ABC praises the fact that the federal court in New Jersey found that the plaintiff had standing to sue over bail reform! Woo Hoo! Standing!
All that means is that the person suing is the person who can sue. It's a jurisdictional matter that is so fundamental that most lawyers -- but apparently not ABC's -- make sure they have it before they ever go near the courthouse. The fact that it even came up and seems like it's going to eventually exclude Lexington National means that these lawyers need a nice refresher course on federal jurisdiction.
When it comes to a motion for preliminary injunction, there are four factors that the court balances. I won't bore you all of them because the industry failed to show any of them. Like none. Just like in New Mexico. Zero. Zip.
I will, however, focus a second on the factor that says the party seeking to get the injunction has to show "likelihood of success on the merits." This is the big one, because it gives us a glimpse of the actual legal arguments and how they might eventually stand up if, in fact, the case ever goes to trial.

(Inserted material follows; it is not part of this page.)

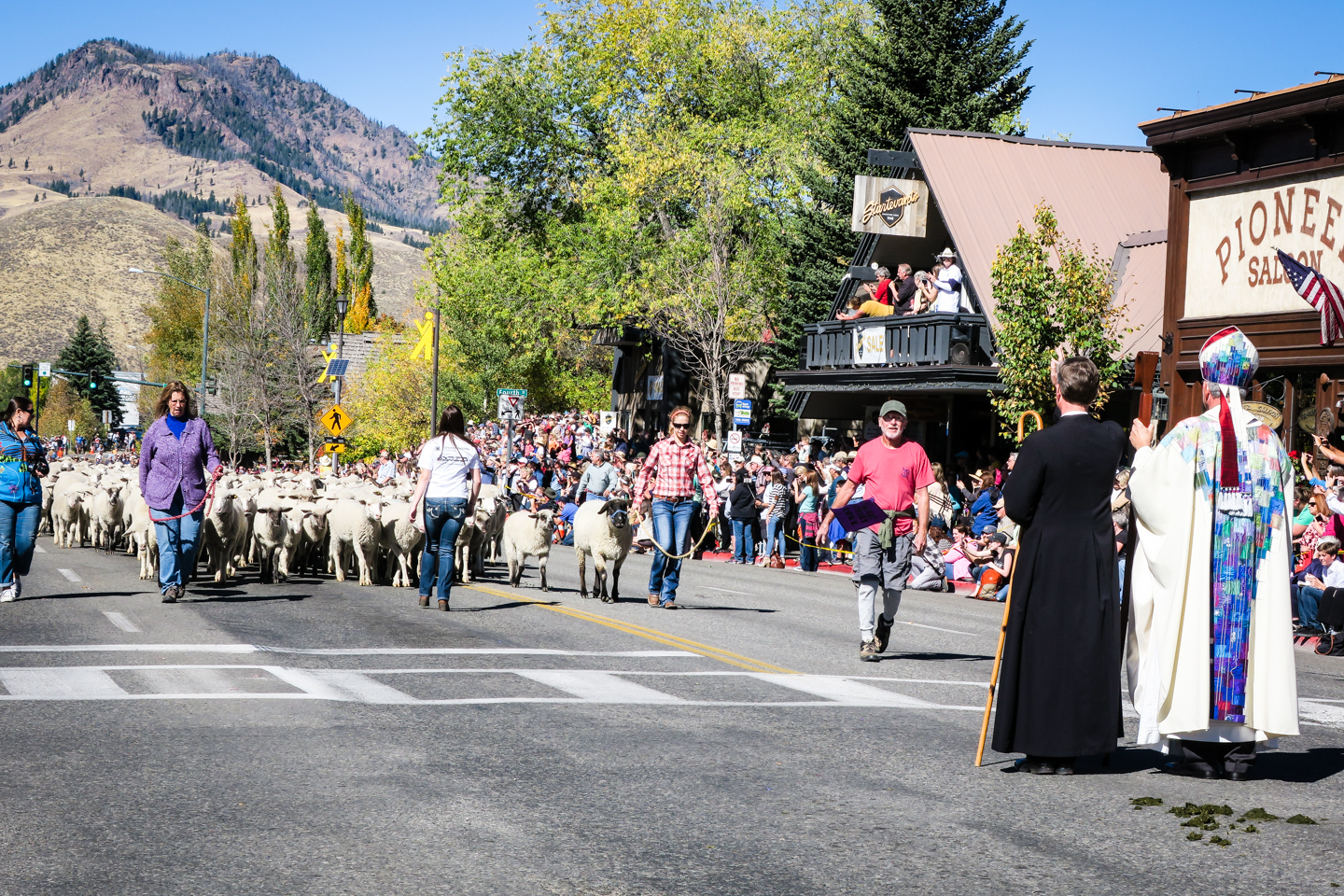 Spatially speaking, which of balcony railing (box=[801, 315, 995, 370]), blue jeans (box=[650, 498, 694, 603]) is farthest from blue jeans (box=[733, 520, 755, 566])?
blue jeans (box=[650, 498, 694, 603])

But as you may have surmised by now, the bail industry didn't show likelihood of success on any legal claim. The Judge wrote: "In summary, neither Holland nor Lexington has shown likelihood of success on the merits of their Eighth Amendment, Fourteenth Amendment, and Fourth Amendment claims. Neither plaintiff has made a showing of a reasonable probability of eventual success on any claim examined above."
That gives you a pretty good idea of how things will go if this thing ever gets to trial.
Let me quote from the judge: "Finally, if these considerations were a close call -- which the Court does not find them to be -- then the balance would even further tip in favor of denying the injunction because of doubts about Lexington's standing and the arguments favoring Younger abstention."
Bail industry likely to succeed on the merits? Nope. Not even close.